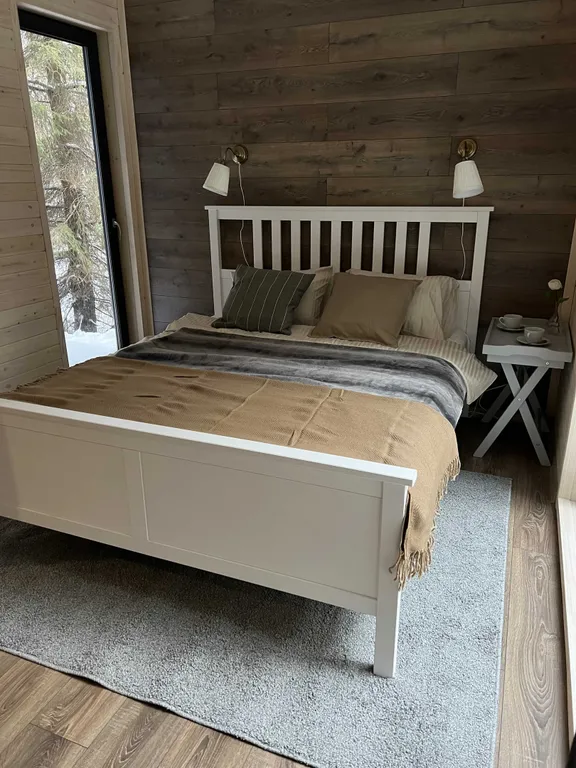 Коттедж Дом с панорамными окнами в лесу — Ломоносов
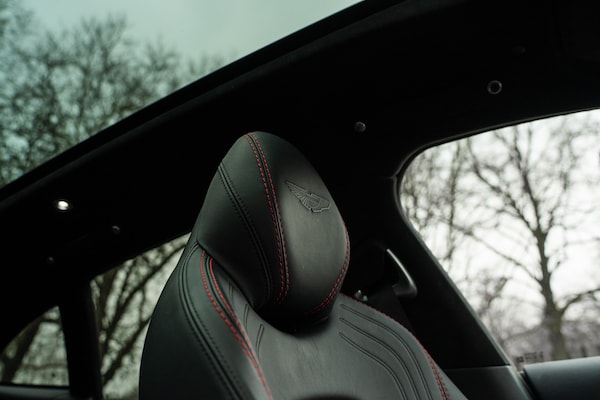 Used Aston Martin DBX 2022 for sale - 75393810: Photo 37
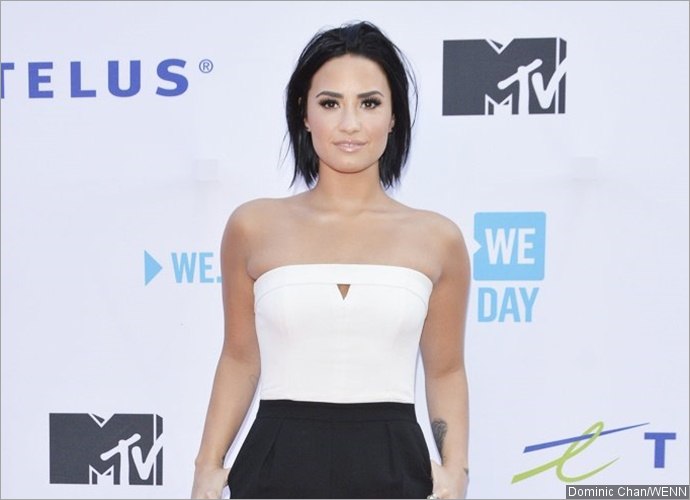 Demi Lovato Seems Amused by Fan Who Asks Her to Sign Nude Photo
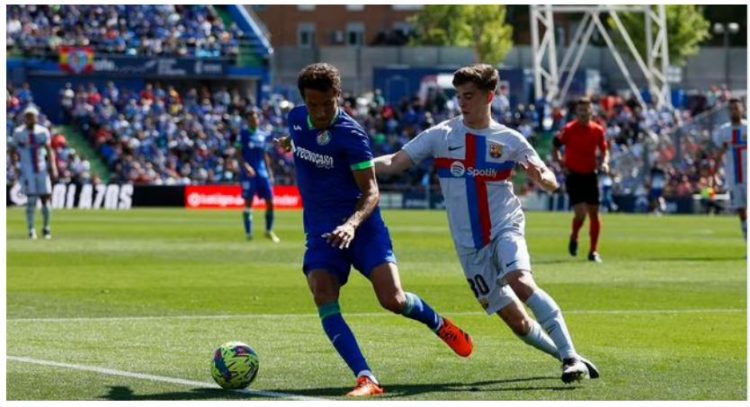 Barcelona bën një hap fals në luftën për titull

********************

What you will do ▸
Copy the material verbatim. The pictures are not part of the copy.

Response to the task ▸
 Коттедж Дом с панорамными окнами в лесу — Ломоносов
 Used Aston Martin DBX 2022 for sale - 75393810: Photo 37
 Demi Lovato Seems Amused by Fan Who Asks Her to Sign Nude Photo
 Barcelona bën një hap fals në luftën për titull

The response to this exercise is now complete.